======== SOURCE DATA

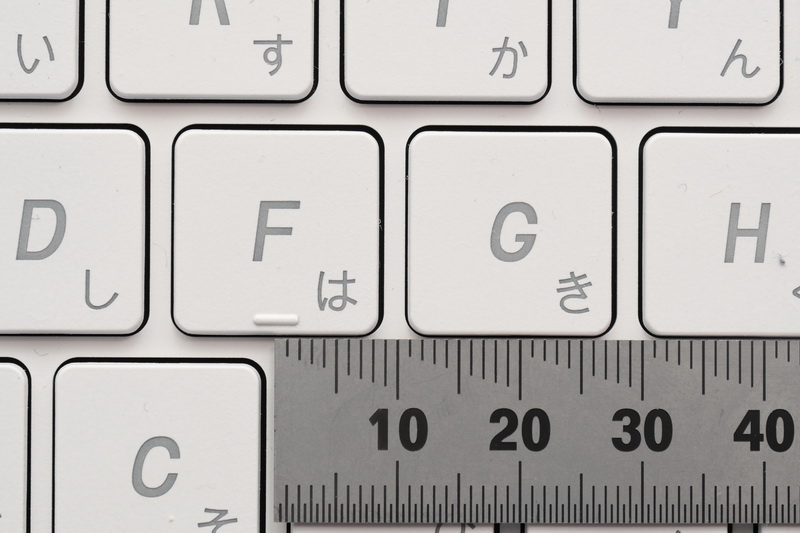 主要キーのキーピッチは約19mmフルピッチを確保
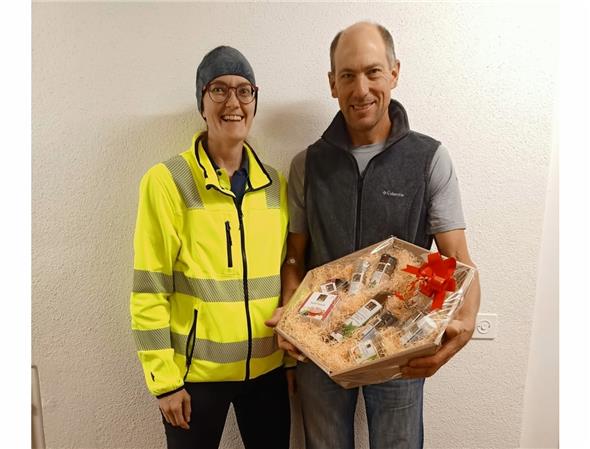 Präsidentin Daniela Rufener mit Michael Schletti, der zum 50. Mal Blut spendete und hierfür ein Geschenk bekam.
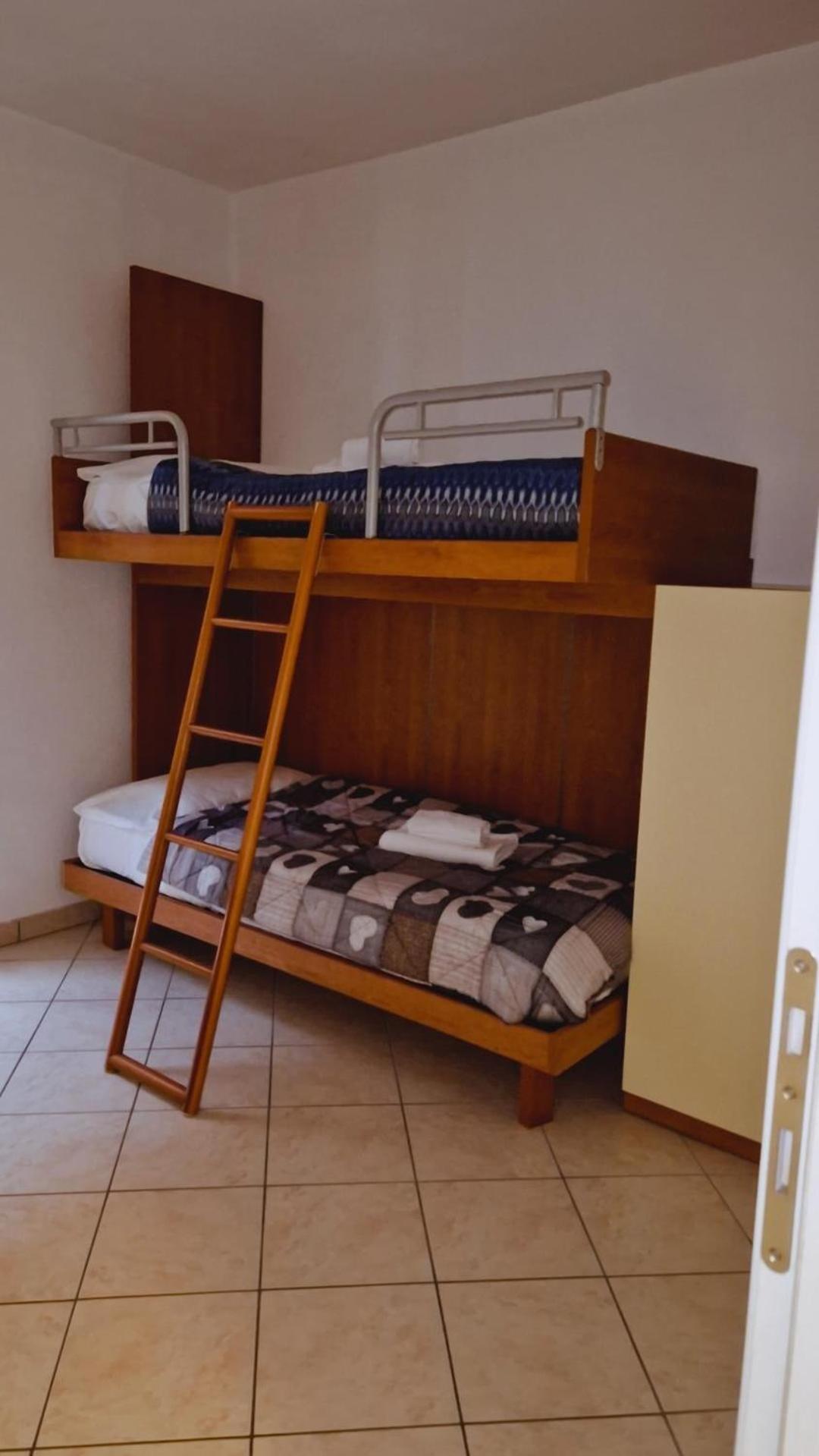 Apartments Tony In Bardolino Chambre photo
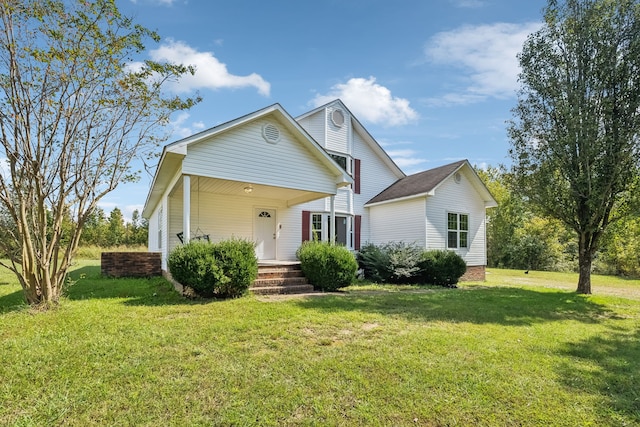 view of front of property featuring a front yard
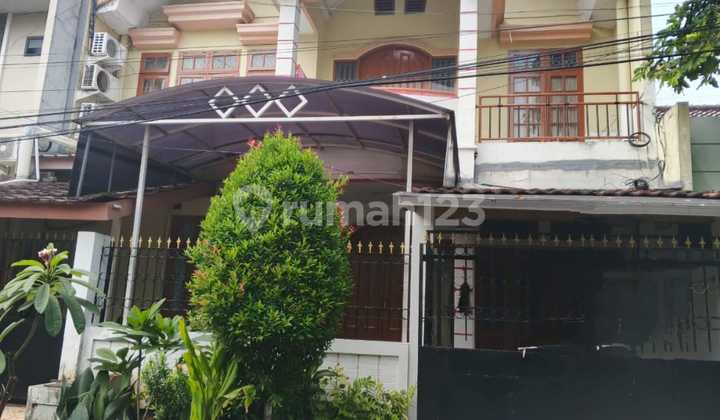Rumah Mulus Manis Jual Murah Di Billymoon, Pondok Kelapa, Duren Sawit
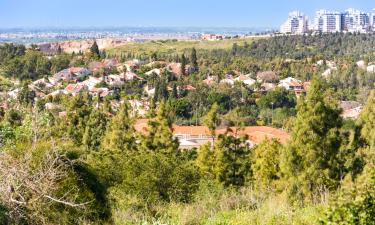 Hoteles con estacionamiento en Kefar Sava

================

# [WHAT IS REQUIRED]
Would you return the records exactly, keeping out every picture?

# [ANSWER TO THE EXERCISE]
 主要キーのキーピッチは約19mmフルピッチを確保
 Präsidentin Daniela Rufener mit Michael Schletti, der zum 50. Mal Blut spendete und hierfür ein Geschenk bekam.
 Apartments Tony In Bardolino Chambre photo
 view of front of property featuring a front yard
Rumah Mulus Manis Jual Murah Di Billymoon, Pondok Kelapa, Duren Sawit
 Hoteles con estacionamiento en Kefar Sava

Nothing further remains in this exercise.